Sydney lockouts ditched for one night
Liquor & Gaming NSW has extended trading hours on New Year’s Eve, with hotels, clubs, bars and restaurants able to remain open until 2am on 1 January.
The regulator said that venues can trade until 2am for New Year’s Eve, despite earlier closing times that may normally apply under liquor licences and development consents or approvals. Venues already approved to trade beyond 2am can continue to do so as normal.
The regulator has also confirmed that the Sydney CBD and Kings Cross lockout restriction on patrons being admitted to venues after either 1.30am or 2am does not apply that night.
Last drinks laws will remain in place and normal trading conditions will remain in place for the other dates during the festive season.
Take-away liquor sales and home delivery times remain unchanged for New Year’s Eve and will continue to cease across NSW by 11pm.
AHA NSW Director of Liquor and Policing John Green welcomed the move, telling TheShout: “The removal of the lockout on New Year’s Eve is a common-sense move that has been in place for a few years now.

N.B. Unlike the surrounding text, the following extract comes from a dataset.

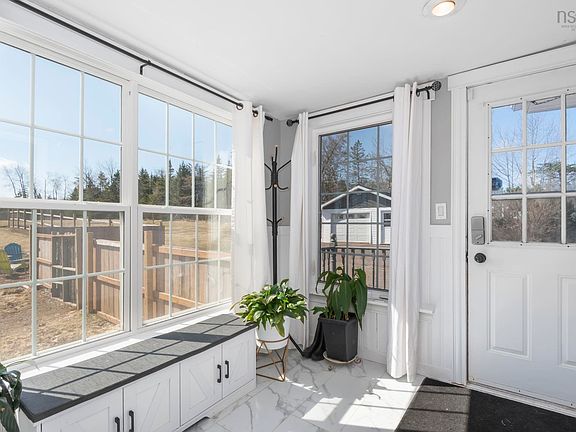 3rd image of 532 Harmony Ridge Rd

“With the fireworks finishing at 12.30am and the large number of people in the city to enjoy them, many people just don’t have time to get into a venue before the lockout would kick in.
“Traditionally, police are generally pleased with crowd behaviour on New Year’s Eve, and with extra staff and security on venues expect that trend to continue this year.”
Liquor & Gaming NSW also said that its inspectors will have a strong presence in venues across the state over the festive season to ensure everyone can enjoy safer nights out.
Venue operators are reminded to be vigilant during busy periods such as Christmas Eve and New Year’s Eve for increased risks of selling alcohol to minors, intoxicated patrons and anti-social behaviour.
Liquor & Gaming NSW Deputy Secretary Paul Newson said inspectors will be monitoring hotels, bars, clubs, nightclubs, bottle shops and party boats.
Areas where inspectors will be active include Sydney’s CBD, eastern suburbs and northern beaches, Newtown and the inner west, Newcastle and the Central Coast.
Inspectors will also be attending music festivals to ensure compliance with event management plans, liquor laws and licence conditions to help reduce alcohol-related harm and other public safety risks.
“We want to ensure safe environments for people to celebrate over the festive season with the lowest possible risk of alcohol-related harm,” Newson said.
“The vast majority of our state’s licensed venues do the right thing and are committed to the responsible service of alcohol.
“The minority of venues that neglect their patrons’ safety and breach liquor laws can expect to face significant penalties.”